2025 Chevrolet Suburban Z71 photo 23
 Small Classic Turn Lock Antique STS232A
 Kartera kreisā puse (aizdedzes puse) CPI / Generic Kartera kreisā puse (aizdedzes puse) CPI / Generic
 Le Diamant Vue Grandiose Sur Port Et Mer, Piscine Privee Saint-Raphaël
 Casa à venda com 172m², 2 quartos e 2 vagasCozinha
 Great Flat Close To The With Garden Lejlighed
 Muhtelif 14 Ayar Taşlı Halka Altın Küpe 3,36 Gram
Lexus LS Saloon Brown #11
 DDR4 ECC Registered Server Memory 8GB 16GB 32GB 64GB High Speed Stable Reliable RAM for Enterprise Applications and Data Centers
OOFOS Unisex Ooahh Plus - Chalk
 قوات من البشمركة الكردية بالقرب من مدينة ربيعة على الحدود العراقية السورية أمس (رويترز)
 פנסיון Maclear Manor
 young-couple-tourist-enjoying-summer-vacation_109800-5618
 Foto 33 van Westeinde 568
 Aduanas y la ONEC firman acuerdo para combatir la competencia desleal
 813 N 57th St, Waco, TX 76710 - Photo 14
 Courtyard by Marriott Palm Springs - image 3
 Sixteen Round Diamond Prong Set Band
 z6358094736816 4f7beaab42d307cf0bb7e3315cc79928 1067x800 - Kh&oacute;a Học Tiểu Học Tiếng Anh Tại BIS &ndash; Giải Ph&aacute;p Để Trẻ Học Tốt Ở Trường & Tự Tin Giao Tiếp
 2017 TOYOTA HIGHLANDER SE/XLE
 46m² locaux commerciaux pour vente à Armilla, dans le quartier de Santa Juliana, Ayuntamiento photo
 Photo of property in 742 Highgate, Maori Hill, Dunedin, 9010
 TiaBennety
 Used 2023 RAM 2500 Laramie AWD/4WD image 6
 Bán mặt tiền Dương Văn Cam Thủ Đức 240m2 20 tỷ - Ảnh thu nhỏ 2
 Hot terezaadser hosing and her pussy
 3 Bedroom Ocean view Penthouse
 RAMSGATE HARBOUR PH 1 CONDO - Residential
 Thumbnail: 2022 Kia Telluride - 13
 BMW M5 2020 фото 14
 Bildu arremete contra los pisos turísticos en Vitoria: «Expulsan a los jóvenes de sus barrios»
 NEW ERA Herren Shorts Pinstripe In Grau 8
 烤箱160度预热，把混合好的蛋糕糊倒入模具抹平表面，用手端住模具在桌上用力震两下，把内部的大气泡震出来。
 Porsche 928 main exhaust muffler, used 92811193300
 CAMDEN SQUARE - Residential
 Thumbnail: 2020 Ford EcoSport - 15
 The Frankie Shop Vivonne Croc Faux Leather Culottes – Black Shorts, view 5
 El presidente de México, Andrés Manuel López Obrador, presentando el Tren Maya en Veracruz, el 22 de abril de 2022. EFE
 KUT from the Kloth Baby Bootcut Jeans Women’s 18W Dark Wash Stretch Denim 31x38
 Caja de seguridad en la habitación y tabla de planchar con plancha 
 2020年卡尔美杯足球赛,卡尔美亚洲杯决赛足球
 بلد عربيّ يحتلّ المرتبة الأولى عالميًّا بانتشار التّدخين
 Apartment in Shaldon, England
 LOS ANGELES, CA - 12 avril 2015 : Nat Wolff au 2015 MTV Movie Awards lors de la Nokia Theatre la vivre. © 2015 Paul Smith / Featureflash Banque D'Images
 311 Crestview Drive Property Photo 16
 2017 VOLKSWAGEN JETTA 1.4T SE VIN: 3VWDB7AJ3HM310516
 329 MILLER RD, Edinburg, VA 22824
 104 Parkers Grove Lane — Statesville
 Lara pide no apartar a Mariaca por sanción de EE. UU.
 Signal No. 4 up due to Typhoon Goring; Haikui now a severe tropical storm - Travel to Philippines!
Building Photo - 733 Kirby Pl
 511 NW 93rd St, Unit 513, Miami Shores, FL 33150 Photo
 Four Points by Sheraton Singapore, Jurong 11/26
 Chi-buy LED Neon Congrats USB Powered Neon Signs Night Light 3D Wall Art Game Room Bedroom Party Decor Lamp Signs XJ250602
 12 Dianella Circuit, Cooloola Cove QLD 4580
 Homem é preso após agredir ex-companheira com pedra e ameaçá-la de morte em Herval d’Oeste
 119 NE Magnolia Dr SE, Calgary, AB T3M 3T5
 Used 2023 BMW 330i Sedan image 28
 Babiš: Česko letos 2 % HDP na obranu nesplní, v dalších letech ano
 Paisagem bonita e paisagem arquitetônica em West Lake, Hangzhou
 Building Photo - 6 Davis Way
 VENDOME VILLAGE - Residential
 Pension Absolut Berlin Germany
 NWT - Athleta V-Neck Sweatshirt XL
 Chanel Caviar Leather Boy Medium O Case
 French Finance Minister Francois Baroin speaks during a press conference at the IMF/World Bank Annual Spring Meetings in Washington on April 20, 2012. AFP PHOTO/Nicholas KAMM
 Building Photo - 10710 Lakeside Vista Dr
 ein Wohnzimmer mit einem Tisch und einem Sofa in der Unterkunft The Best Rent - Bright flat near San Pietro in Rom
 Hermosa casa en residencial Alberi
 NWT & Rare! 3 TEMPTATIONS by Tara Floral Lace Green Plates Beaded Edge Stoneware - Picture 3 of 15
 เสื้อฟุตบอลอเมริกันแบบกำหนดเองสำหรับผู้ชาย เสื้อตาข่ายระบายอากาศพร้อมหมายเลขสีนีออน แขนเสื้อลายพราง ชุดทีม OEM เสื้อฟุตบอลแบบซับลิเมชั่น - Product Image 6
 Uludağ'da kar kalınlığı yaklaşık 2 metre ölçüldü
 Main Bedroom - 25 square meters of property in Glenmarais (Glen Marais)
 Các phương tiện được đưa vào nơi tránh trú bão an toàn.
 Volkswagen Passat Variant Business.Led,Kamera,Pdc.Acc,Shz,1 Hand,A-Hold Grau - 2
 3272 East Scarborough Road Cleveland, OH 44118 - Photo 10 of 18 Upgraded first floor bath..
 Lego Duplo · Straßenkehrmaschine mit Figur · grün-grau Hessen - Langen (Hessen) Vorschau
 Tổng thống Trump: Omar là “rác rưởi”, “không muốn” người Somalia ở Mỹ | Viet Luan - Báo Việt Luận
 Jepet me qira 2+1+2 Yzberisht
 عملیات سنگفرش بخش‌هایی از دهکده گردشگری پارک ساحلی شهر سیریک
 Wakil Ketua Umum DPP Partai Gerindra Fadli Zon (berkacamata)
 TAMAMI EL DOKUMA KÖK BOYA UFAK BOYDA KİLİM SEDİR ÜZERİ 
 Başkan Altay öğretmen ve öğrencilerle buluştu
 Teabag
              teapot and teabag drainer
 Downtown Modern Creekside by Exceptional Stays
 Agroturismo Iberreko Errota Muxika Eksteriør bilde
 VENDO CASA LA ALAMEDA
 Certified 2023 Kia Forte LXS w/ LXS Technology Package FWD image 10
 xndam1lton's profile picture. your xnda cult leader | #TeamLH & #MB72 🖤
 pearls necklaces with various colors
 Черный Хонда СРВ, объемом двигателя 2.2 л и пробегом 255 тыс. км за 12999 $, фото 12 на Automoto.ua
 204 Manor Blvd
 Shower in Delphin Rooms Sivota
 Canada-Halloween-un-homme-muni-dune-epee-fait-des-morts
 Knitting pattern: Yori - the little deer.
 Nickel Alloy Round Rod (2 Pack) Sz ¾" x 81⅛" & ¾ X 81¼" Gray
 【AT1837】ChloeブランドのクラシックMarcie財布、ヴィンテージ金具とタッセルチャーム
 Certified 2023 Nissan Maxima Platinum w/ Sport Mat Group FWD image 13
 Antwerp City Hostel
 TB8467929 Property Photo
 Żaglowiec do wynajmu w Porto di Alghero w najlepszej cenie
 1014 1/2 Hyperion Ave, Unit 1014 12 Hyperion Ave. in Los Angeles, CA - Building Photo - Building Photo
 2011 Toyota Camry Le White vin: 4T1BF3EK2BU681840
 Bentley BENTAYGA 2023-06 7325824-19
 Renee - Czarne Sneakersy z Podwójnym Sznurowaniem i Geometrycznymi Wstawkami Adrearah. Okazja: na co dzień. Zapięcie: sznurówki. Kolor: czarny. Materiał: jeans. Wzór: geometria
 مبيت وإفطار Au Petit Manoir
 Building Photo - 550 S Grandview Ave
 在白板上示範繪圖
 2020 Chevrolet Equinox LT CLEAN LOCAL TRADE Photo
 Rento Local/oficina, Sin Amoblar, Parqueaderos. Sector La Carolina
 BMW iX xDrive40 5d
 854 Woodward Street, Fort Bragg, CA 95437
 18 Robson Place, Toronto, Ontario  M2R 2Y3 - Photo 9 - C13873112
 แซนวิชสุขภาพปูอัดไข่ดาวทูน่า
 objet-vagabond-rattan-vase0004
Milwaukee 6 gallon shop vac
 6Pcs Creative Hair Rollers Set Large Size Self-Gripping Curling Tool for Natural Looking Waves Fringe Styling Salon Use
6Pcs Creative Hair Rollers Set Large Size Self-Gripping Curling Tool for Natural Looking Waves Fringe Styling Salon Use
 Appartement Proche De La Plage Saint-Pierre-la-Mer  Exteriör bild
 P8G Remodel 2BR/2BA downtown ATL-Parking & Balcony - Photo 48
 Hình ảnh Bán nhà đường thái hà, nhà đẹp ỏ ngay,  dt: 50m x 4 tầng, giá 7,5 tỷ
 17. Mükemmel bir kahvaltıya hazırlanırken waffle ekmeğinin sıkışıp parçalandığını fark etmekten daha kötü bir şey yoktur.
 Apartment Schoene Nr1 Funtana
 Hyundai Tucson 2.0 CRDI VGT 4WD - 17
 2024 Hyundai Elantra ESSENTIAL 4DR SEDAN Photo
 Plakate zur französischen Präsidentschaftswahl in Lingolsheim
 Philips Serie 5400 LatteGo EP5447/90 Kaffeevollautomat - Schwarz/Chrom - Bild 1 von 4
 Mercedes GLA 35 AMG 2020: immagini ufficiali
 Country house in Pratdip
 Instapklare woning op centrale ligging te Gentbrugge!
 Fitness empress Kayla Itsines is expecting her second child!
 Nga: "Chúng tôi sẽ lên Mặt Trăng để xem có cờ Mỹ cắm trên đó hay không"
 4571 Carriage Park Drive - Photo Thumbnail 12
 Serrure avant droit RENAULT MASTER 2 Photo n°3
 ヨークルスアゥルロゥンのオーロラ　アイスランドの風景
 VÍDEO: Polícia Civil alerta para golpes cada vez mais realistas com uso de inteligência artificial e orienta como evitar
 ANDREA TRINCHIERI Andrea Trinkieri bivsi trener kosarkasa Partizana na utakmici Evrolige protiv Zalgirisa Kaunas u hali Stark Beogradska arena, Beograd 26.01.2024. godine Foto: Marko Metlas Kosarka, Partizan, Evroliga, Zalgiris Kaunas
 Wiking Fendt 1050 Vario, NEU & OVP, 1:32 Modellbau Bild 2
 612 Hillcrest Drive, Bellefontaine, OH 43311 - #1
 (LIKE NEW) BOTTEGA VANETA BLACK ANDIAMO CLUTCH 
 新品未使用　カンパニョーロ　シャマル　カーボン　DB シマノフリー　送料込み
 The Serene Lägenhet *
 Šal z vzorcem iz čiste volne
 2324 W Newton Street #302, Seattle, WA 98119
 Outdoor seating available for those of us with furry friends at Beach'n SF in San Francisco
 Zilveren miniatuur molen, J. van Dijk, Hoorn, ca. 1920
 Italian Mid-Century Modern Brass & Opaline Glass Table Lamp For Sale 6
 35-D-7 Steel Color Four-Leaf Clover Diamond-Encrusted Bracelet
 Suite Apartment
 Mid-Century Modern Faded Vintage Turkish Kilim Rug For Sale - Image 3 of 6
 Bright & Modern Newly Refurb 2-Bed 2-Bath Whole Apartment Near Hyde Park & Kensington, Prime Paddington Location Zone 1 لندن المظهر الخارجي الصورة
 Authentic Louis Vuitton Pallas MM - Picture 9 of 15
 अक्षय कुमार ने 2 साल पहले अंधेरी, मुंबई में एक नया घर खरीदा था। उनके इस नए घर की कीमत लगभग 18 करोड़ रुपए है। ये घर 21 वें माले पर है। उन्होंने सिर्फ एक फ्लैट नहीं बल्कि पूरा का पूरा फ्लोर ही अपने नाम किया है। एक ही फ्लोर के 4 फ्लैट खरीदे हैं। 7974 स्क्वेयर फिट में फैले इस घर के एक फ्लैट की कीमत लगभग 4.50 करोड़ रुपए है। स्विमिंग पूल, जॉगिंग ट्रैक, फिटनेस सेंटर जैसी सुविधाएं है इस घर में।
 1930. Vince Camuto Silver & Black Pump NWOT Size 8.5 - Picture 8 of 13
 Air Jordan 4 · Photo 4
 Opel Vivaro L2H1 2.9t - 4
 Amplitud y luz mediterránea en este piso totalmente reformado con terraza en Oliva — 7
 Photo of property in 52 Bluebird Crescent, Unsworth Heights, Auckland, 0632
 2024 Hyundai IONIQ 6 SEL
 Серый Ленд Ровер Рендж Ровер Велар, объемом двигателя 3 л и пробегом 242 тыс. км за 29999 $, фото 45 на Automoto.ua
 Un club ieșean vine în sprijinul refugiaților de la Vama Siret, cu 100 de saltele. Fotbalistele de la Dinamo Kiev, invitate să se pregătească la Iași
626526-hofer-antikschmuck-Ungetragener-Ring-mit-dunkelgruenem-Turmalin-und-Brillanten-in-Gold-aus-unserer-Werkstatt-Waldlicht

* **What to produce**: Go through the material above and count the lines that contain "Leather"; answer with the number alone.

* **Expected answer**: 2